Data excerpts

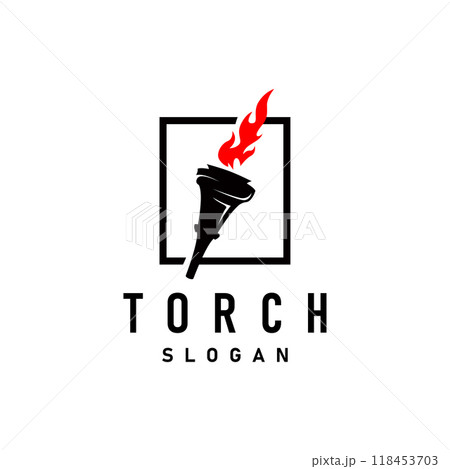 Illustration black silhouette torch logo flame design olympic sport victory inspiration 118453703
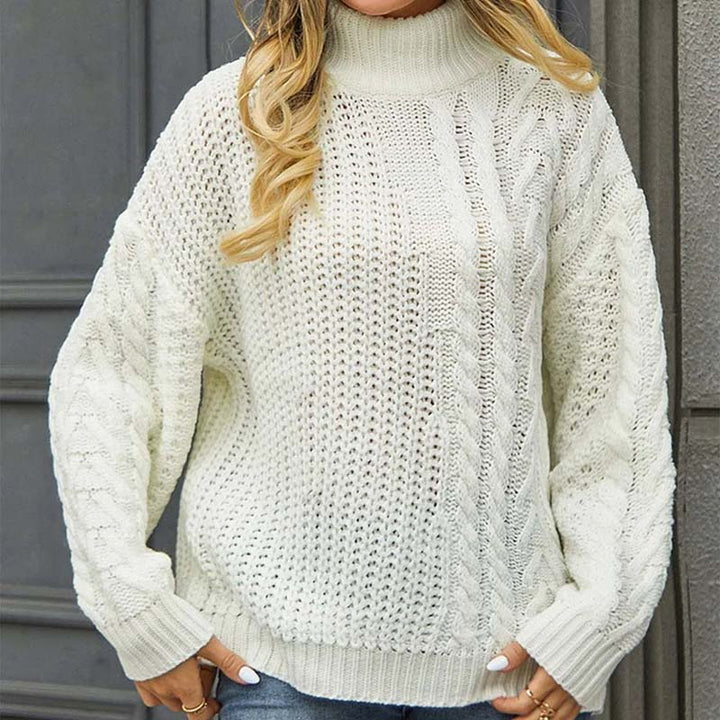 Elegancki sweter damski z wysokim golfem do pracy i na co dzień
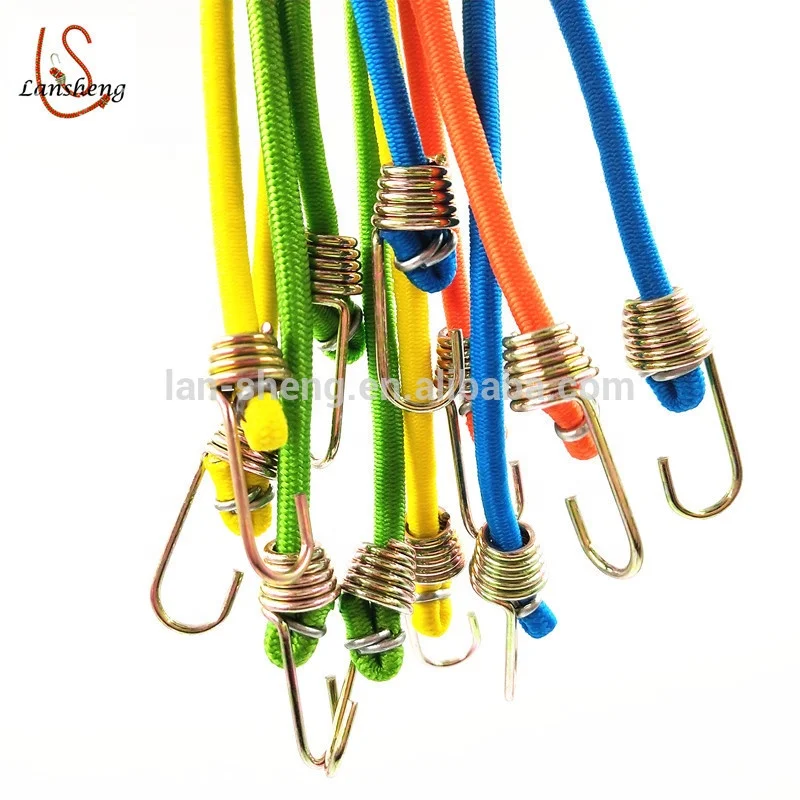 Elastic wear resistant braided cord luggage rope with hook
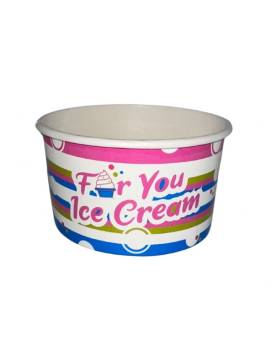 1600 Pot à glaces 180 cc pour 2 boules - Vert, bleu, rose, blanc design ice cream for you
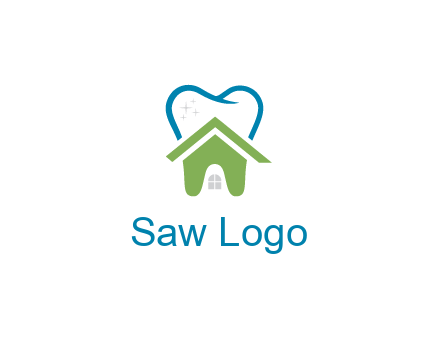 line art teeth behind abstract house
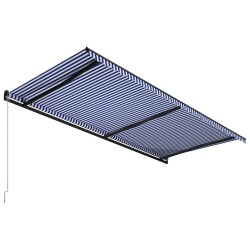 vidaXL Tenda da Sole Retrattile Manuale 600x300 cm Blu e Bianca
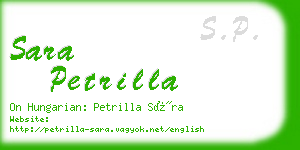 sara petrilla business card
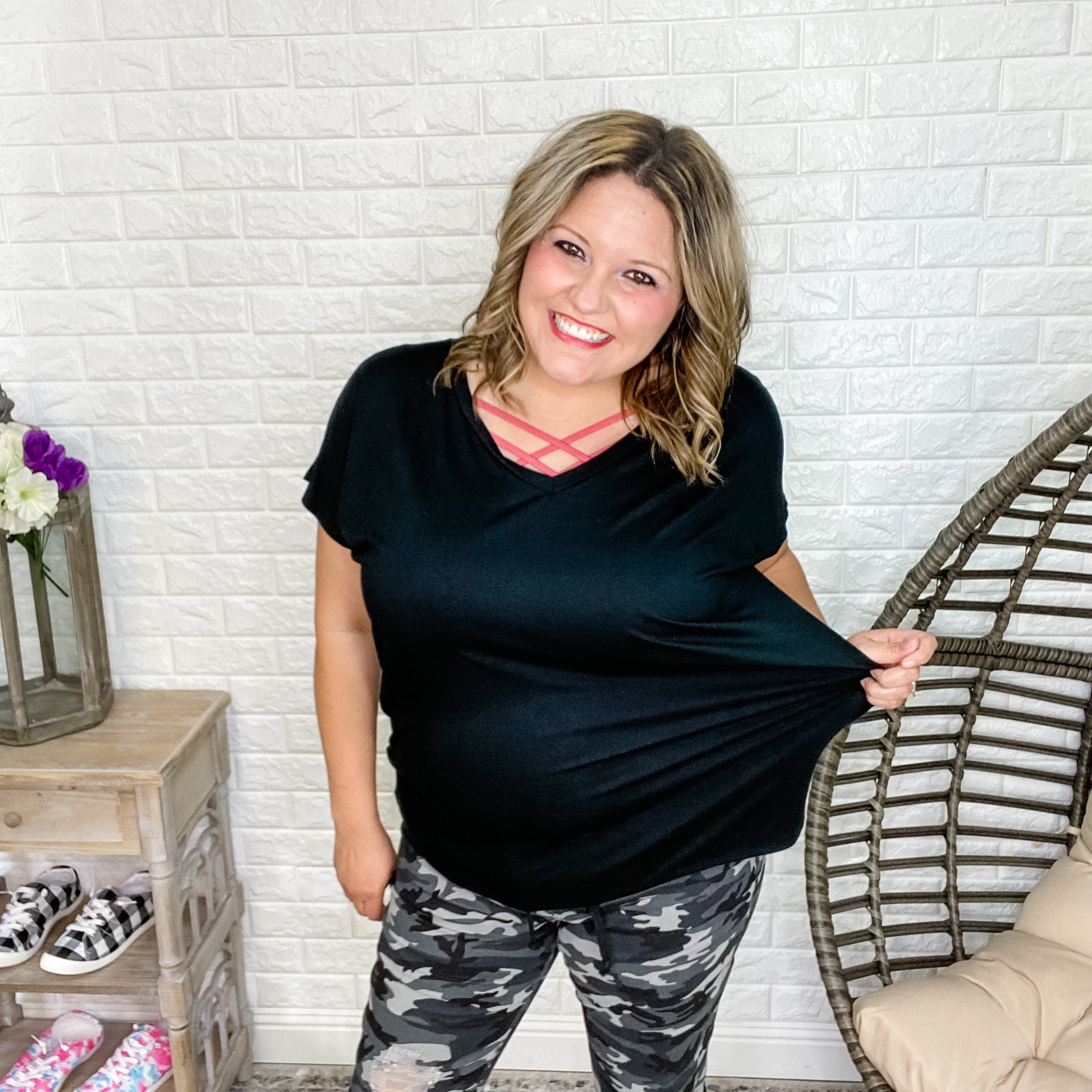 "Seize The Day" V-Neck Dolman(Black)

### What to do
Print the data above exactly; drop every picture.

### Answer space
 Illustration black silhouette torch logo flame design olympic sport victory inspiration 118453703
 Elegancki sweter damski z wysokim golfem do pracy i na co dzień
 Elastic wear resistant braided cord luggage rope with hook
 1600 Pot à glaces 180 cc pour 2 boules - Vert, bleu, rose, blanc design ice cream for you
 line art teeth behind abstract house
 vidaXL Tenda da Sole Retrattile Manuale 600x300 cm Blu e Bianca
 sara petrilla business card
 "Seize The Day" V-Neck Dolman(Black)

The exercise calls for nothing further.